Studio album by George Strait
- Released: October 6, 1983
- Recorded: July 1983
- Studio: Woodland (Nashville, Tennessee)
- Genre: Texas country; honky-tonk; Western swing;
- Length: 26:38
- Label: MCA
- Producer: Ray Baker

George Strait chronology
| Strait from the Heart (1982) | Right or Wrong (1983) | Does Fort Worth Ever Cross Your Mind (1984) |

Singles from Right or Wrong
- "You Look So Good in Love" Released: September 22, 1983; "Right or Wrong" Released: January 25, 1984; "Let's Fall to Pieces Together" Released: May 17, 1984;

= Right or Wrong (George Strait album) =

Right or Wrong is the third studio album by American country music artist George Strait, released on October 6, 1983, by MCA Records.

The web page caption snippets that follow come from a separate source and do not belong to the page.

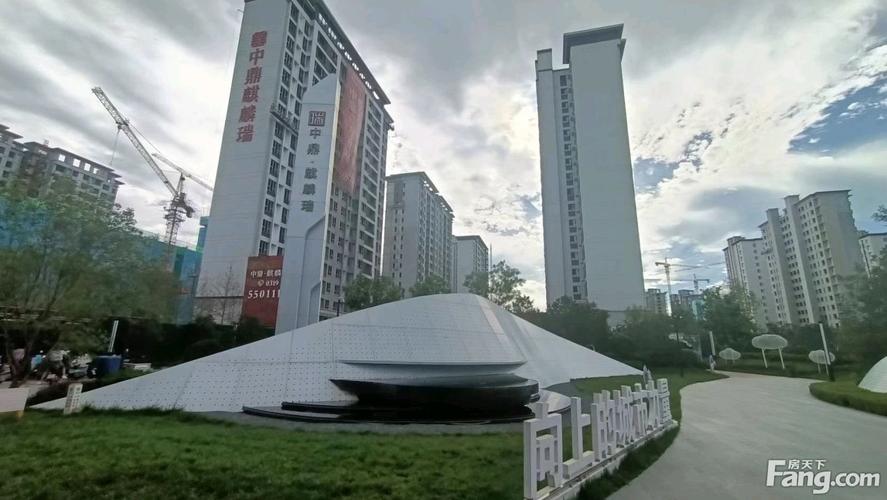 邢东新区楼盘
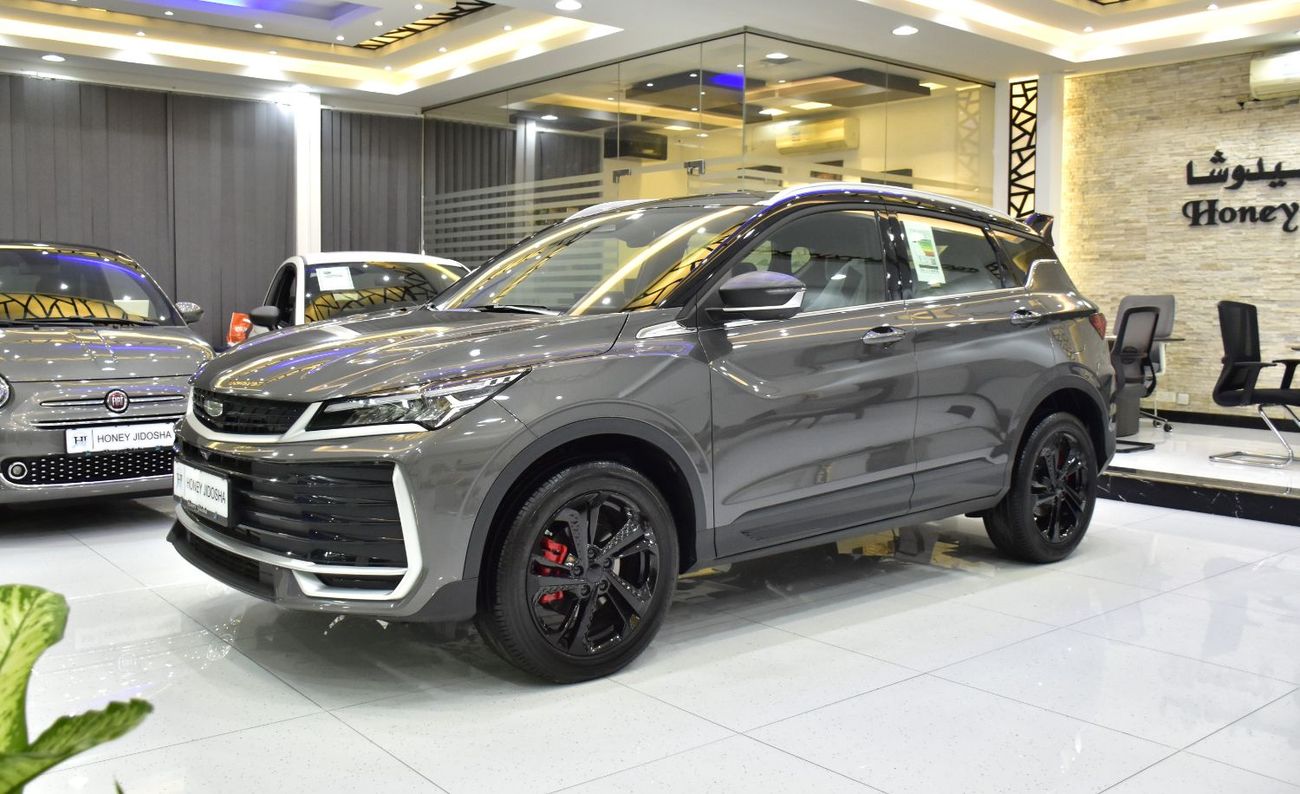 Geely Coolray EXCELLENT DEAL for our Geely Coolray ( 2026 Model ) in Gray Color GCC Specs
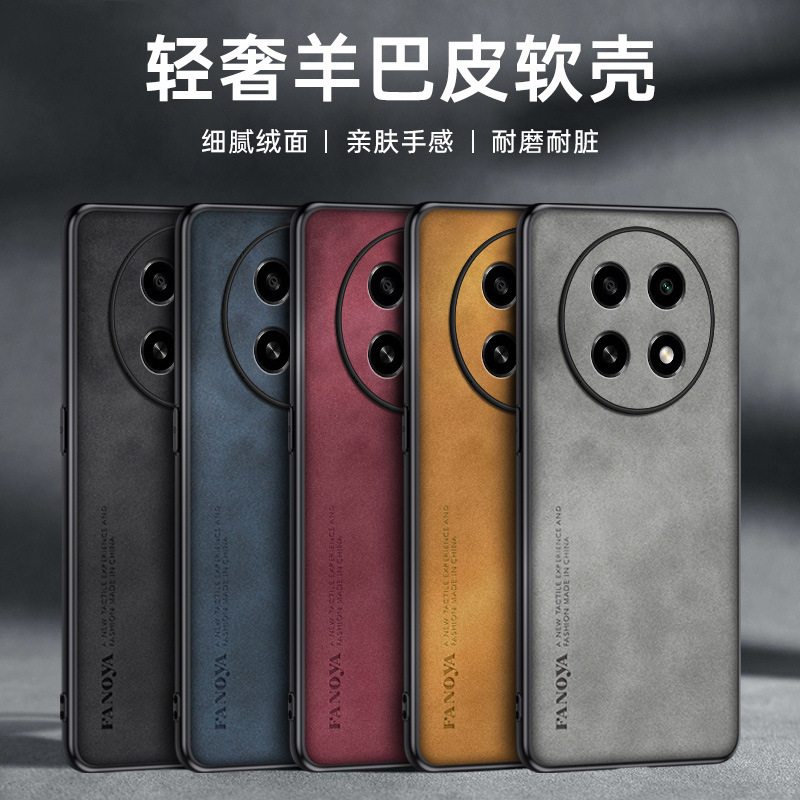 For OPPO A5pro Sheep Leather Mobile Phone Case A60 Simple Drop-resistant A58 A93S A7 All-inclusive Protective Case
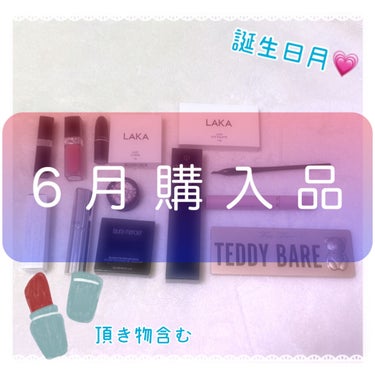 アイ フォイル/shu uemura/リキッドアイシャドウを使ったクチコミ（1枚目）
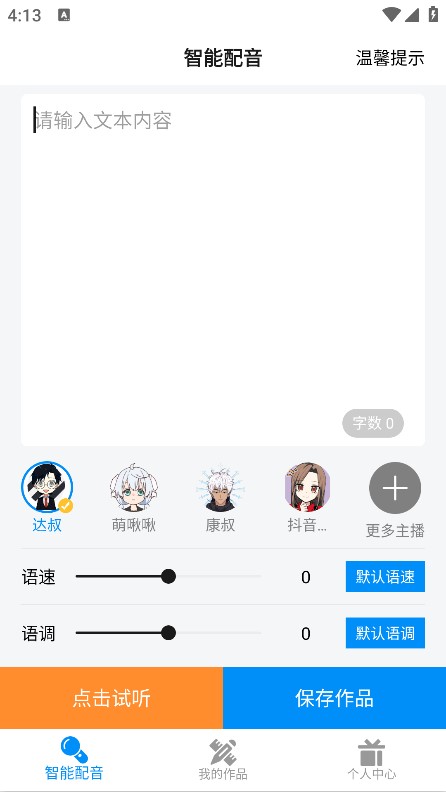 指尖配音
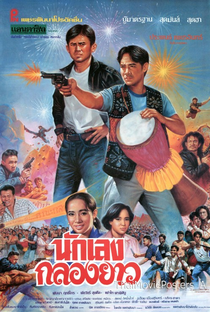 Muay Thai Assassin - Poster / Capa / Cartaz - Oficial 2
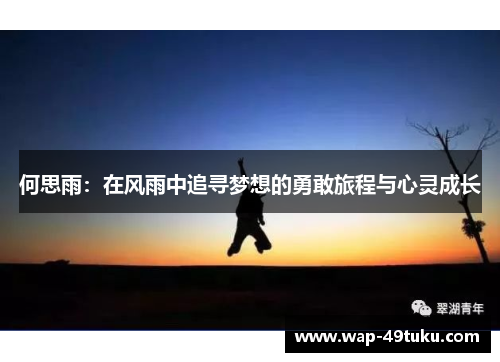 何思雨:在风雨中追寻梦想的勇敢旅程与心灵成长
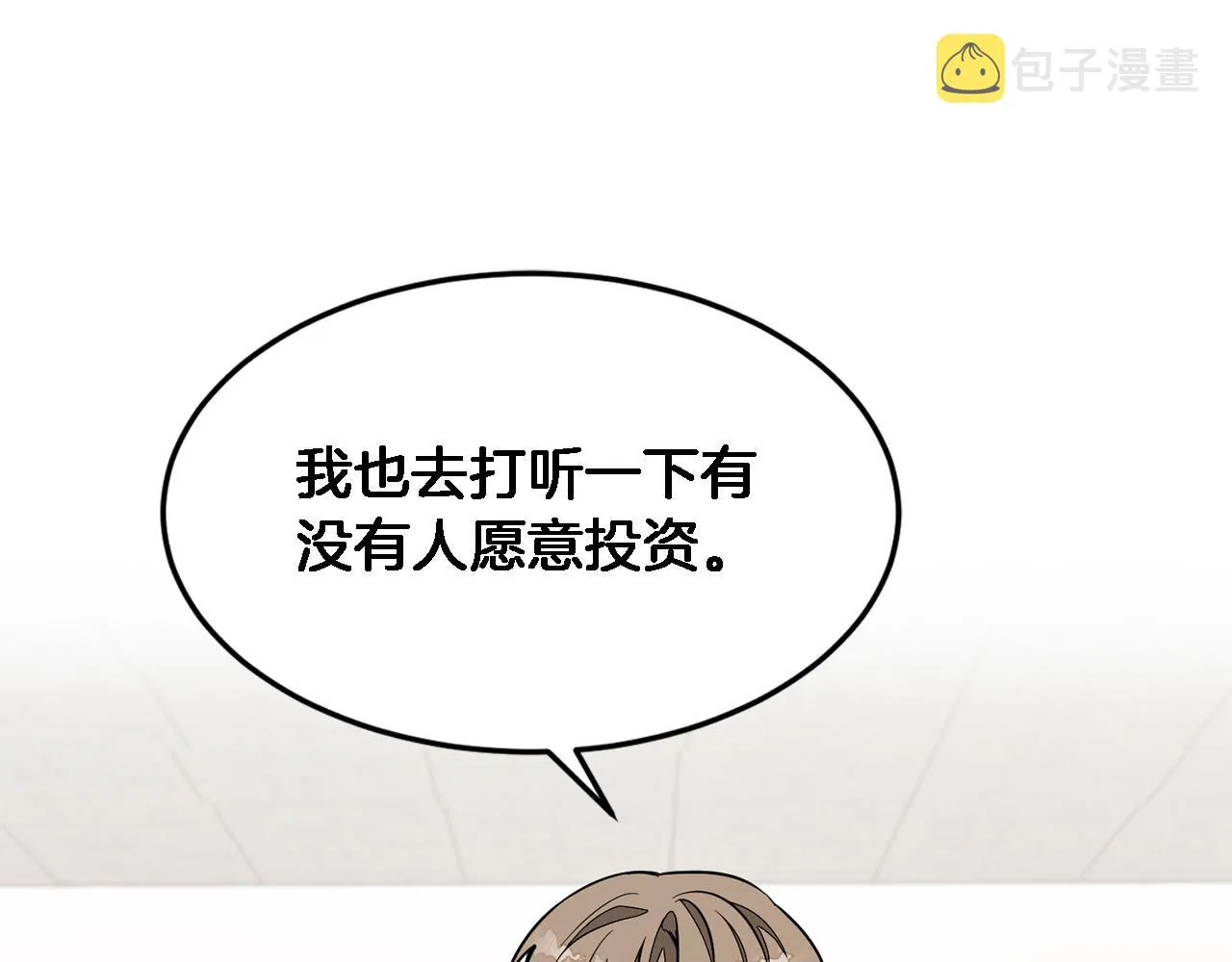 第21话 真的要放弃吗？ 第65页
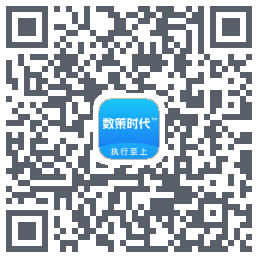 数策时代的下載二維碼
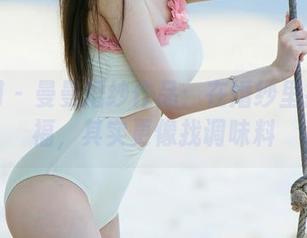 尤果网 – 曼曼婚纱作品：在婚纱里找到幸福，其实更像找调味料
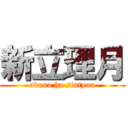 新立理月 (adana ha sintyan)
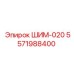 5571988400 ШИМ-020 Epiroc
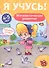 Математическое развитие (4-5 лет) - 0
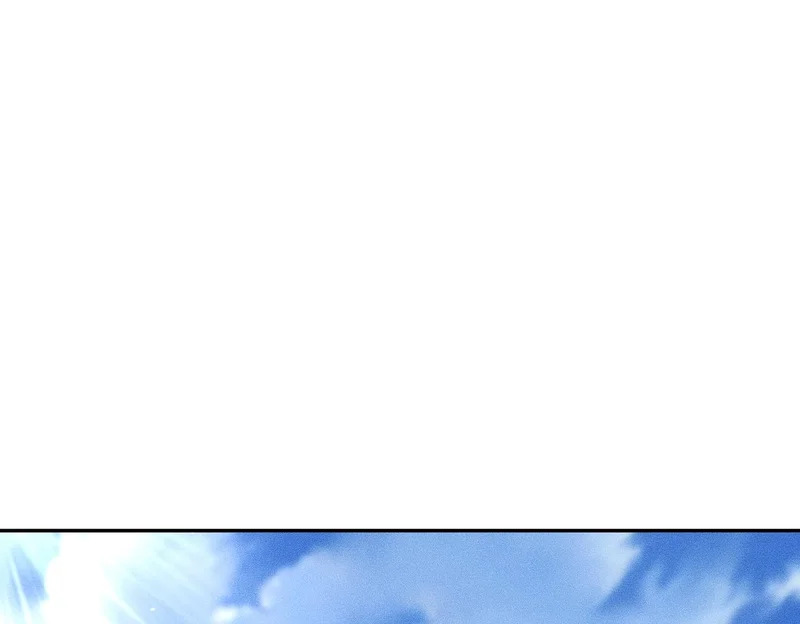 第32话 你怎么又成了保安？ 第76页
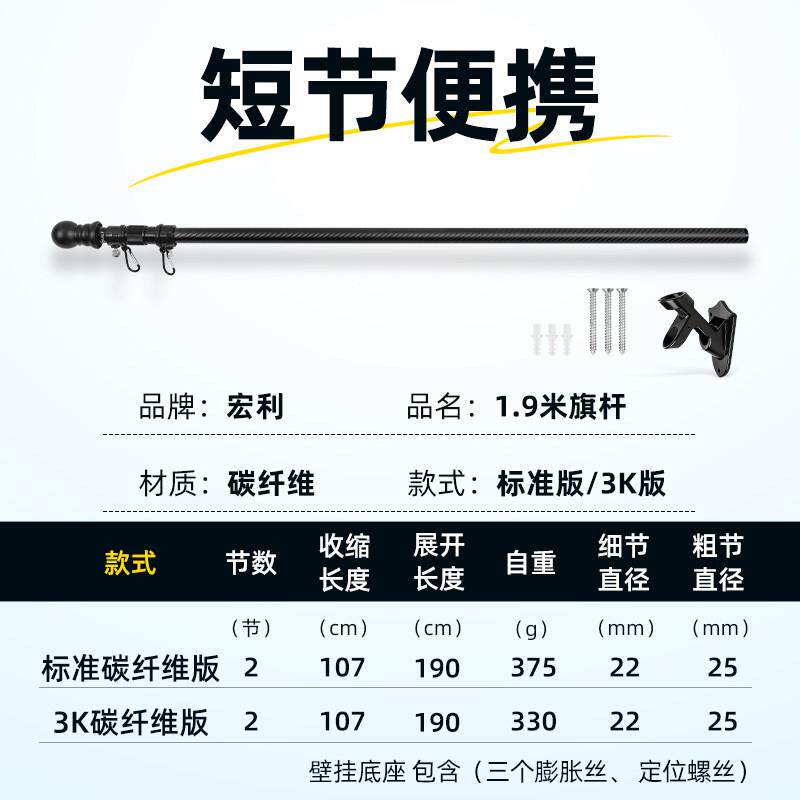 碳纤维棋杆1.9米手摇伸缩国棋杆自由定位旗帜竿挂式可携式户外支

Right or Wrong topped Billboard's (North America) Top Country albums chart, and peaked at #163 on the Billboard 200 albums chart. The singles "You Look So Good in Love" (which was Strait's first song to have a music video), "Right or Wrong" and "Let's Fall to Pieces Together" all topped the Hot Country Singles chart. There were three cover songs on the album: 1) "Right or Wrong", a traditional song dating back to the 1920s which was previously most associated with the Emmett Miller and Bob Wills versions; 2) the Hank Williams song "I'm Satisfied with You"; and 3) the Merle Haggard song, "Our Paths May Never Cross". The album was recorded and mixed digitally.

Professional ratings
Review scores
| Source | Rating |
| AllMusic |  |

==Track listing==

| No. | Title | Writer(s) | Length |
|---|---|---|---|
| 1. | "You Look So Good in Love" | Glen Ballard; Rory Bourke; Kerry Chater; | 3:13 |
| 2. | "Right or Wrong" | Paul Biese; Haven Gillespie; Arthur L. Sizemore; | 2:05 |
| 3. | "A Little Heaven's Rubbing off on Me" | Gene Dobbins; John Scott Sherrill; | 2:41 |
| 4. | "80 Proof Bottle of Tear Stopper" | Darryl Staedtler | 2:12 |
| 5. | "Every Time It Rains (Lord Don't It Pour)" | Charlie Craig; Keith Stegall; | 3:00 |
| 6. | "You're the Cloud I'm On (When I'm High)" | Ronnie Rogers | 2:42 |
| 7. | "Let's Fall to Pieces Together" | Dickey Lee; Tommy Rocco; Johnny Russell; | 2:55 |
| 8. | "I'm Satisfied with You" | Fred Rose | 2:50 |
| 9. | "Our Paths May Never Cross" | Merle Haggard | 2:34 |
| 10. | "Fifteen Years Going Up (And One Night Coming Down)" | Peggy Forman | 2:50 |
| Total length: |  |  | 26:38 |

== Personnel ==

Musicians
- George Strait – lead vocals, acoustic guitar
- Hargus "Pig" Robbins – keyboards
- Bobby Wood – keyboards
- Gregg Galbraith – lead guitars, acoustic guitar
- Reggie Young – lead guitars
- Jimmy Capps – acoustic guitar
- George "Leo" Jackson – acoustic guitar
- Weldon Myrick – steel guitar
- Johnny Gimble – fiddle, mandolin
- Bob Moore – bass
- Leon Rhodes – bass
- Henry Strzelecki – bass
- Jerry Carrigan – drums
- Gene Chrisman – drums
- Doug Clements – backing vocals
- Louis Nunley – backing vocals
- Judy Rodman – backing vocals
- Donna Sheridan – backing vocals
- Hurshel Wiginton – backing vocals

Production
- Ray Baker – producer
- Les Ladd – engineer
- Rick McCollister – engineer
- Ron Reynolds – engineer
- Milan Bogdan – digital editing
- Simon Levy – CD art direction
- Camille Engel Advertising – CD design
- Katie Gillon – CD coordination
- Sherri Halford – CD coordination
- Rick Henson – cover photo

==Charts==

===Weekly charts===

| Chart (1983) | Peak position |
|---|---|
| US Billboard 200 | 163 |
| US Top Country Albums (Billboard) | 1 |

===Year-end charts===

| Chart (1984) | Position |
|---|---|
| US Top Country Albums (Billboard) | 2 |
| Chart (1985) | Position |
| US Top Country Albums (Billboard) | 47 |

==Certifications==

| Region | Certification | Certified units/sales |
| United States (RIAA) | Platinum | 1,000,000^{^} |
^{^} Shipments figures based on certification alone.